**WORK REQUIRED**:
Copy every line that holds the string "image" from the data below.

**MATERIAL SHOWN**:
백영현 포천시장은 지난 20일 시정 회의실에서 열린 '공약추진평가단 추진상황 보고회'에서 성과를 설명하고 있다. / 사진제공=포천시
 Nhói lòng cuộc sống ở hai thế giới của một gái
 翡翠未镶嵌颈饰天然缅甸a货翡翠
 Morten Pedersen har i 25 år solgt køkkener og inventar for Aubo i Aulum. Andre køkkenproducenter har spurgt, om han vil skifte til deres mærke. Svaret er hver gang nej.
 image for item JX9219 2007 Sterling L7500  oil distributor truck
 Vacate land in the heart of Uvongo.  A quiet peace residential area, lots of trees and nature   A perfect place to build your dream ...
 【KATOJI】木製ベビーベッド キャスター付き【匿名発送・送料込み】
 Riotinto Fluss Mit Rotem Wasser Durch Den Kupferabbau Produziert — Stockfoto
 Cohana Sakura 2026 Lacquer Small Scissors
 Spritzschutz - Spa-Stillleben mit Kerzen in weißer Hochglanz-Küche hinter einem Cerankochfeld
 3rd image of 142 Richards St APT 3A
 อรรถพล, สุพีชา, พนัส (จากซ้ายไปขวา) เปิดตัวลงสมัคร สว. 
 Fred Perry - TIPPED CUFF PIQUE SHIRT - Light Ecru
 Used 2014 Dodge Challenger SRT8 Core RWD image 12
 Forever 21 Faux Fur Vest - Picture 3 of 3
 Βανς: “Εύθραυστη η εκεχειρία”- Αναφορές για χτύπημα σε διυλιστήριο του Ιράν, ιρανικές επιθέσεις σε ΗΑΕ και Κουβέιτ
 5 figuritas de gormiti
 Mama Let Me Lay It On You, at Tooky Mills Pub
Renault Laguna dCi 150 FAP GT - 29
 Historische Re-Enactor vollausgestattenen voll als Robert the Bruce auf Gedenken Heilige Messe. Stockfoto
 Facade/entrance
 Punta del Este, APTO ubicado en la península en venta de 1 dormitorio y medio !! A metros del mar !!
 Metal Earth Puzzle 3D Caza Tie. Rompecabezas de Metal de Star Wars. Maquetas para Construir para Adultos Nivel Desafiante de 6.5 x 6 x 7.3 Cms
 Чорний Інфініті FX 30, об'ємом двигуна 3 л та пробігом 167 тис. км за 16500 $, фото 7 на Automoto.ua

**COMPLETED EXERCISE**:
 image for item JX9219 2007 Sterling L7500  oil distributor truck
 3rd image of 142 Richards St APT 3A
 Used 2014 Dodge Challenger SRT8 Core RWD image 12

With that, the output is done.